Before each composition, Tzur narrated the lyrics and then sang it without disturbing the tonality of Indian music.

“When I compose, I take into account what will go with Indian musical instruments since it is very rich and the composition must be natural,” Tzur said after the performance. During the show he requested Khan to play kartal, in Hindi. The audience was floored by the artiste’s humble gesture which made the performance interactive and offered a chance to listen to live jugalbandi, along with some six compositions!

It was an intelligent decision to sing just a paragraph of few of the qawwalis initially and sing the rest at length to enable the listeners to feel the emotion behind each.

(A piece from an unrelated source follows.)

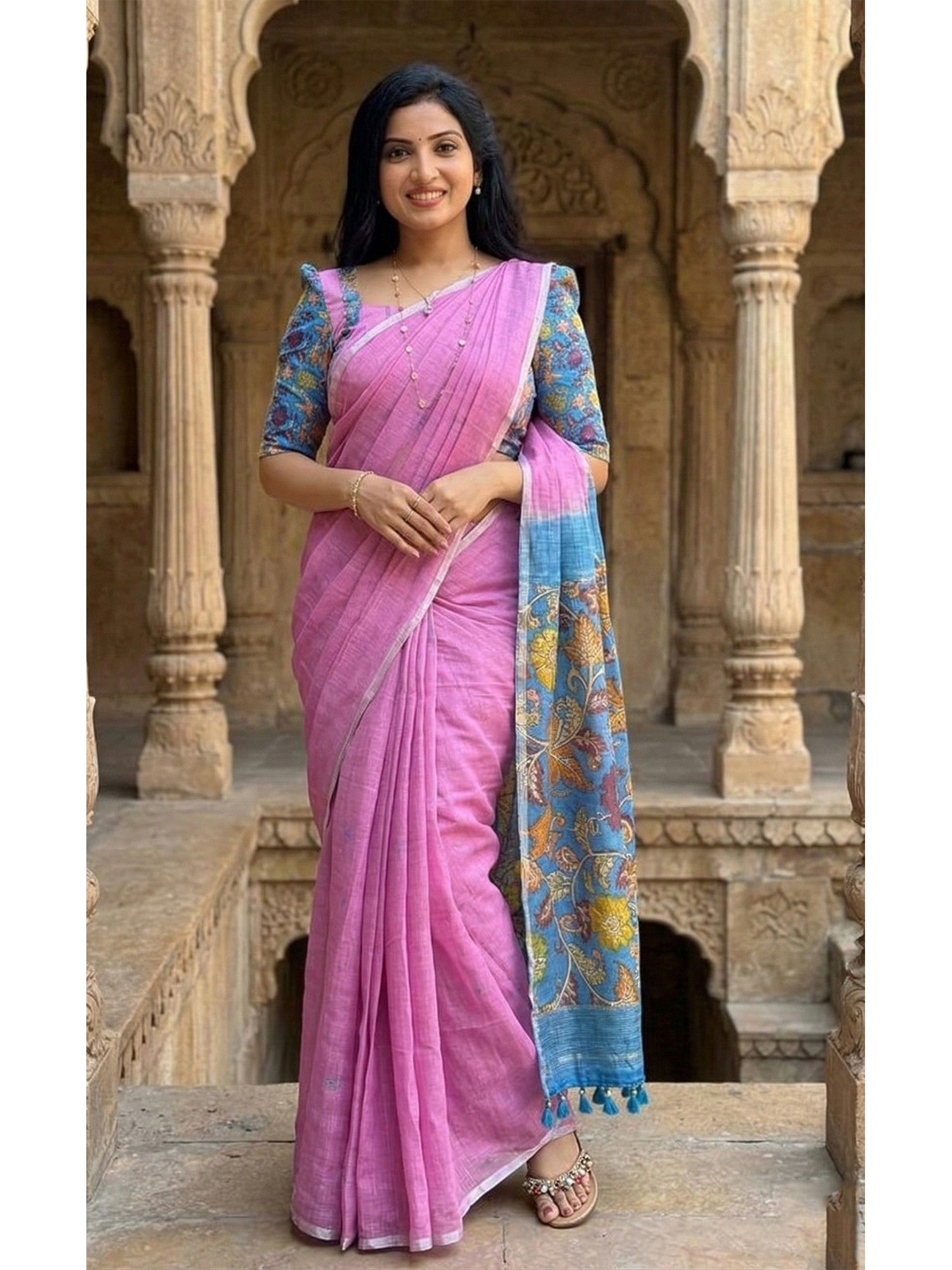 AMRUTKALA SAREES Pink Designer Linen Floral Printed Saree with Unstitched Blouse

After listening to the popular qawwali Chaap tilak..., the audience demanded Dama dum mast qalandar but time played spoil sport for the request to be fulfilled.

After a short break, the curtains went up again and six male dancers walked on to the stage to take their positions one after the other. Their namaskars were performed to the music of Ganesha stuti which energised the ambience. But the unsynchronised choreography didn’t present a very good picture.

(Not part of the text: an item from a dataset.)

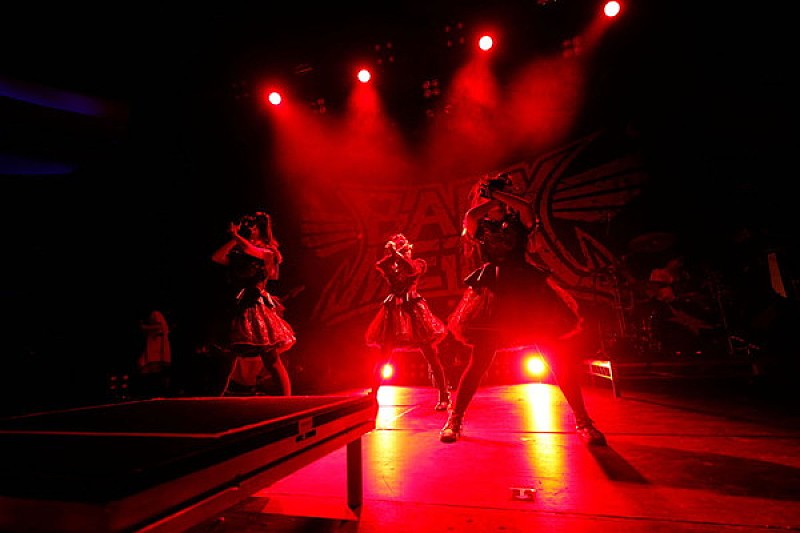BABYMETAL「BABYMETAL、LA公演で海外盤限定曲「From Dusk Till Dawn」をライブ初披露」1枚目/9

This performance, titled ‘Soul Pait’, incorporated Kalaripayattu (Indian martial art) and Urban Contemporary Dance by Dani Pannullo Dance Theatre Company from Spain. Divided in 12 sections, the performance had both the forms in equal proportions but unfortunately the two don’t come across as one.

The lead performer of Kalaripayattu – Visakh Thankappan stood out for his expertise in rotating sticks, swords, knives and other war weapons. The rest, however, were unable to match up to his performance and thus the visual appeal of the show remained unimpressive.

In particular sections where Spanish dancers Julián Gómez, Miguel Ballabriga and Sufian Ben Yacoub present their B-Boying skills, the audience was impressed but the general impression was that other Indian dancers (apart from Thankappan) - Ramlal Raveendran and Vishnu Lakshamanan could have been exploited more by the choreographer.

The Indian music, though welcome initially, was shrill as a siren later. The lights, however, throughout the dance performance were managed quite well and made for a spectacular visual.